Durante duas décadas, a CIA realizou experimentos de controle mental em Montreal que influenciaram mais tarde as modernas técnicas de “interrogatório aprimorado” - como as que foram usadas no complexo penitenciário iraquiano de Abu Ghraib. Até hoje, a CIA continua se esquivando da responsabilidade por suas ações.
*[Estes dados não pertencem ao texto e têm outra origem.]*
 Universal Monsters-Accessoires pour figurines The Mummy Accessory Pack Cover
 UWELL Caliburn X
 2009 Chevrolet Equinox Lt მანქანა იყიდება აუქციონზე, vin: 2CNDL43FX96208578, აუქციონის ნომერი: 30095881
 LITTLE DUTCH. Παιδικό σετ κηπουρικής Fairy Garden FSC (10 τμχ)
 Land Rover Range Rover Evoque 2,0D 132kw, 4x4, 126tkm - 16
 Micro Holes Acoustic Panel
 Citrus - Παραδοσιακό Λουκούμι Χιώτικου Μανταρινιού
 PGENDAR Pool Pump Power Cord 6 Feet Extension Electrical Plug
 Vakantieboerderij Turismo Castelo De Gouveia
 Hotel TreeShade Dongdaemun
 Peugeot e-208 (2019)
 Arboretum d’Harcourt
Desde a sua fundação em 1947, a Central Intelligence Agency (CIA) tem uma reputação de longa data por se intrometer nos assuntos de outros países. Conhecida por seu envolvimento em várias operações clandestinas, como o Programa Phoenix no Vietnã, o tráfico de drogas na América Central, além de elaborados e bizarros planos de assassinato, a CIA tornou-se sinônimo de um legado de atividades clandestinas e nefastas.
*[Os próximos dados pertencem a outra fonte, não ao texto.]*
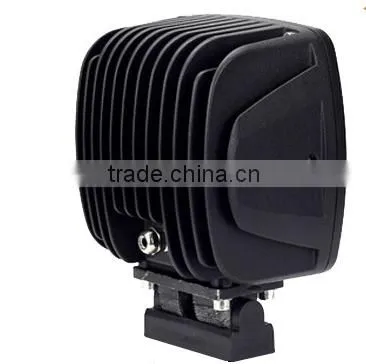 7inch 80w Vehicle Accessory Car Work Led Light 12v photo-4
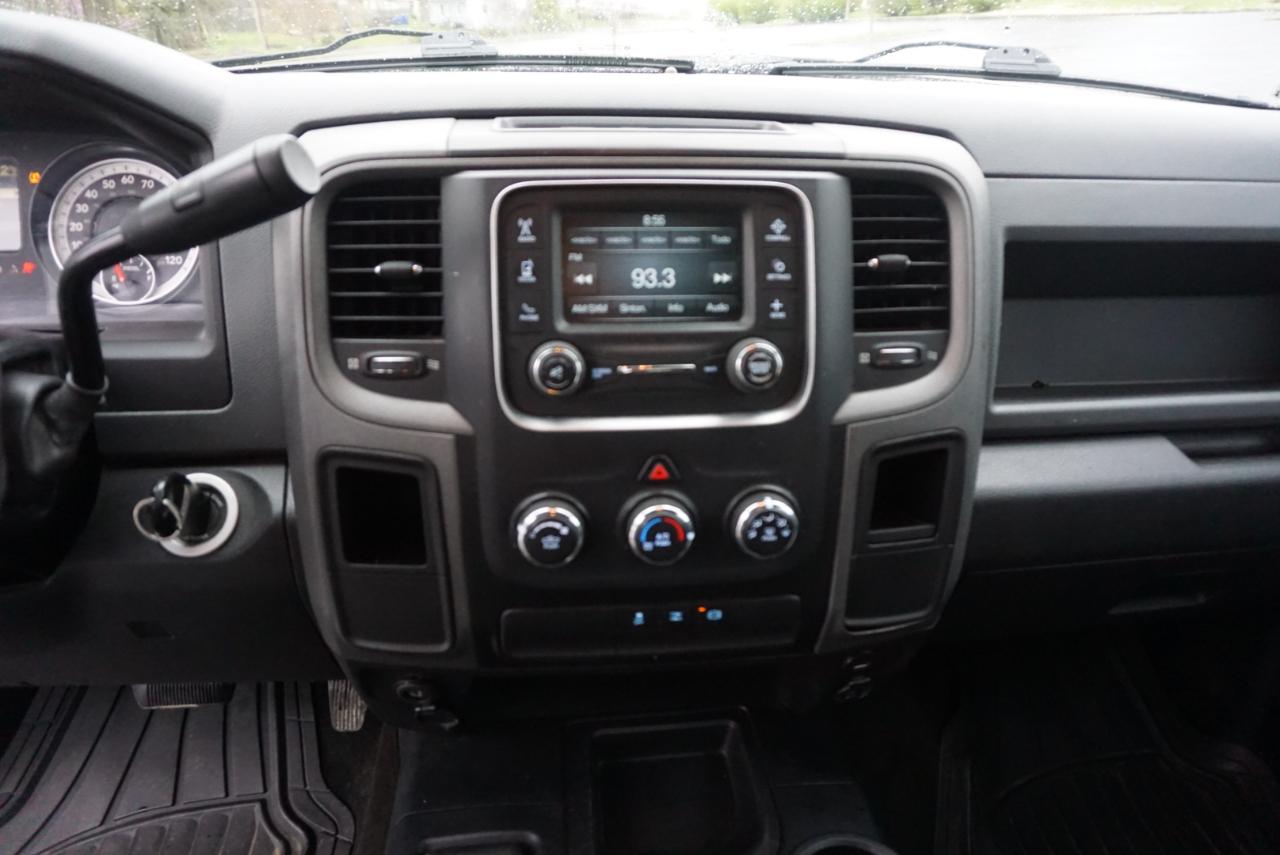 Dodge Ram 2500 SLT Quad Cab Short Bed 4WD 2014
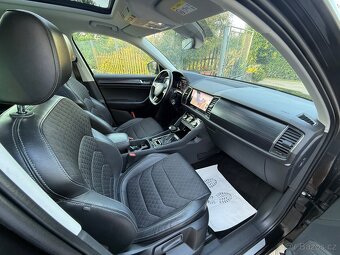 Škoda Kodiaq 1.5 TSI 110Kw/DSG/Panorama/Virtual/7míst/Tažný - 11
A agência também é famosa por seu envolvimento em experimentos de controle da mente, embora os detalhes desses projetos permaneçam relativamente incertos. O que pode surpreender é que uma de suas operações de controle mental mais extensas não ocorreu em algum país remoto do Sul Global com proteções frouxas aos direitos humanos; em vez disso, elas ocorreram dentro das fronteiras da grande democracia liberal diretamente ao norte dos Estados Unidos. E esses experimentos não ocorreram em algum bunker a mando de ex-militares nazistas ou psiquiatras sinistros de filmes B – eles ocorreram em Montreal, em uma das universidades mais prestigiadas do Canadá.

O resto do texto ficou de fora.